Ashley McBryde's new single gives thanks for radio, and acknowledges the impact it had on the singer's early life in small-town America. Readers can press play above to hear "Radioland."

A song about growing up without TV or internet and instead relying on what was playing on the airwaves, "Radioland" was written by McBryde and Jeremy Bussey. In McBryde's case, listening to the radio meant taking in a healthy dose of what was available in her town of Mammoth Spring, Ark.: news, church services and, of course, country music.

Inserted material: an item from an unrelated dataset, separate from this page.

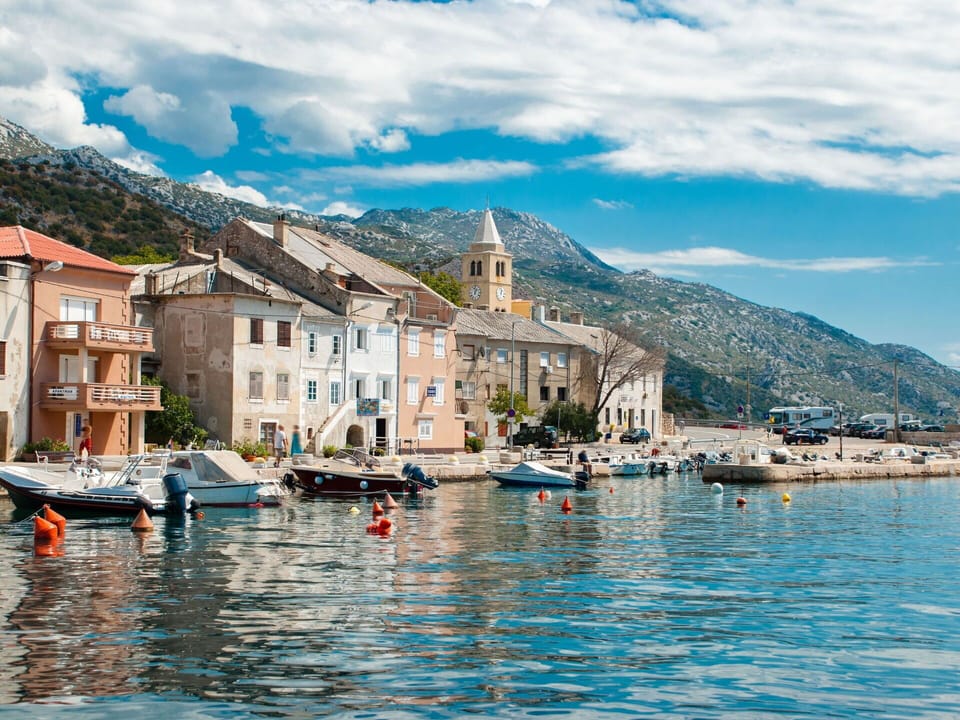 Water, Body Of Water, Mountainous Landforms, Waterway, Coastal And Oceanic Landforms, Boat, Hill, Coast, Watercourse, Sea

"Everything I ever needed came out of a radio and a dashboard," McBryde tells Rolling Stone about the song. "My Mount Rushmore of what was cool came out of a radio – Trisha Yearwood, Patty Loveless, Mark Chesnutt."

In a separate interview, McBryde spoke with The Boot about growing up listening to the powerhouse women that ruled country radio in the 1990s: "In my musically formative years, I grew up listening to Suzy Bogguss, Trisha Yearwood, Terri Clark. We had all these different powerful women whose sounds were, in some instances, a lot alike, [and in] others that weren’t alike at all. If I grew up that way, then somebody else grew up that way, too."

"Radioland" appears on McBryde's major-label debut album, Girl Going Nowhere, released in March. The song is available for purchase via iTunes.

McBryde has a number of tour dates on her calendar for this summer, and will launch her headlining Girl Going Nowhere Tour in September.